DATA EXTRACT START

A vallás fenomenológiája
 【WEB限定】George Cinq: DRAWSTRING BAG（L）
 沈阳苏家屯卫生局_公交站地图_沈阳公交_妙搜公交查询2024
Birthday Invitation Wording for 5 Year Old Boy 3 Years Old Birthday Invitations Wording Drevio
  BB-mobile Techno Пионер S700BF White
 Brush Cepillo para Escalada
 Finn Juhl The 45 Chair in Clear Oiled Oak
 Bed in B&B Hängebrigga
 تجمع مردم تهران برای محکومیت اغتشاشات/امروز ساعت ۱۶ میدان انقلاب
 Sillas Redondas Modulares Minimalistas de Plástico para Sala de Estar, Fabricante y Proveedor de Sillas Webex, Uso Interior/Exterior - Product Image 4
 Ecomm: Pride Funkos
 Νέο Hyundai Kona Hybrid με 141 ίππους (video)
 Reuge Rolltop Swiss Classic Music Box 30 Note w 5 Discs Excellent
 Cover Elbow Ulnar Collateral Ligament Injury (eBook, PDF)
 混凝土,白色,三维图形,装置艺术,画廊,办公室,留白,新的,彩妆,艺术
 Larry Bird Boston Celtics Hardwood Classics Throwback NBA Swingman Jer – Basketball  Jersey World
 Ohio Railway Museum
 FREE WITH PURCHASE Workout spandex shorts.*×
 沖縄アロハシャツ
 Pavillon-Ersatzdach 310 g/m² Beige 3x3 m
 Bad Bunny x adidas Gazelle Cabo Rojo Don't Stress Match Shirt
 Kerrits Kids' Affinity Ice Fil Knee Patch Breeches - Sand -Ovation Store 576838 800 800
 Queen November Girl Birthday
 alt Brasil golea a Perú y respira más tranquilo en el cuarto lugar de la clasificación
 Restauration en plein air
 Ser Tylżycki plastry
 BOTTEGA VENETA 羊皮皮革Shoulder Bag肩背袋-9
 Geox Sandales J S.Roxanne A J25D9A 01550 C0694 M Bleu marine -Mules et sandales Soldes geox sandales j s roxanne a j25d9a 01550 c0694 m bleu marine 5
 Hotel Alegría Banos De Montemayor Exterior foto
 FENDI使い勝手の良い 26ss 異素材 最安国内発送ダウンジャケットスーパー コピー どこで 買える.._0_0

DATA EXTRACT END

## TASK BRIEF:
Taking the entries above, write out exactly each line from the one holding "FREE WITH PURCHASE Workout spandex shorts.*×" to the one holding "Queen November Girl Birthday", both included, and stop there.

## RESPONSE TO THIS EXERCISE:
 FREE WITH PURCHASE Workout spandex shorts.*×
 沖縄アロハシャツ
 Pavillon-Ersatzdach 310 g/m² Beige 3x3 m
 Bad Bunny x adidas Gazelle Cabo Rojo Don't Stress Match Shirt
 Kerrits Kids' Affinity Ice Fil Knee Patch Breeches - Sand -Ovation Store 576838 800 800
 Queen November Girl Birthday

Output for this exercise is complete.